Should the program read piecewise from the file to get all the data it
needs, or load the entire contents into memory and then read the bits it
needs?
Yes.
Which is just a way of saying: it depends. The general rule
would be to write the data as simply formatted text, and parse
it. If it's 500 Mb binary, however, that's likely to be a
little slow. And you can't seek to an arbitrary position in a
text file. A binary format might help; it could be faster, and
depending on the format, you may or may not be able to
effectively use seek to only read the relevant parts.
If the data has no historical value (i.e. you don't have to save
it---it's only used for communicating between these two
programs), and you can ensure that the two programs are running
on the same machine, and have been compiled with the same
compiler (and version), using the same options, then you can
consider using a binary dump of the memory. In that case, the
"best" solution is probably implementation specific: mmap under
Unix, CreateFileMapping under Windows.
Maybe more importantly, is the binary file technique the best
one to use given the circumstances or is there a better
technique out there?
It depends a lot on how long the data have to persist. If
there's even the slightest risk that you'll have to read them
with a future version of your program, or even a recompiled
version, then you need to define a format, and use it.

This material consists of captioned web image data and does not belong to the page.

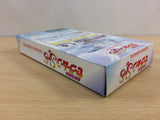 Sailor Moon Super S Shuyaku Soudatsusen BOXED SNES Super Famicom Japan - UB8221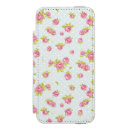 Search for rose iphone 5 cases Beauty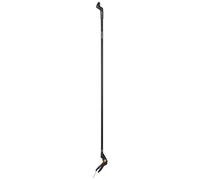 Fiskars 1073082 Solid™ Forbici da giardino
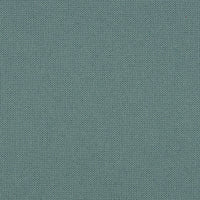 JF Fabrics Niagara 64 Fabric 5775064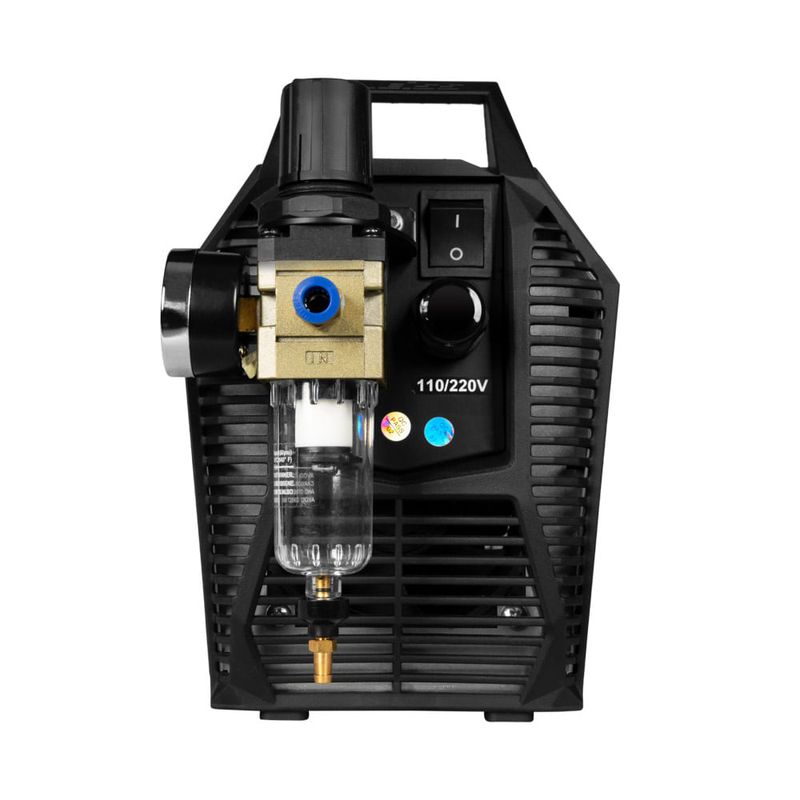 PLASMA-INVERS--SWEISS--20-40amp-SWC440N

The format may be binary: binary formats are a lot harder to
debug, but generally end up with smaller files and faster
formatting and parsing. Although the difference isn't always as
much as one might think. Note too that it's possible to read
and write a file containing text in binary mode, to allow
seeking. If you want to go that route, you'll probably want to
ensure that all "records" have a fixed length. (If there are
different record types, consider storing them in separate
files.)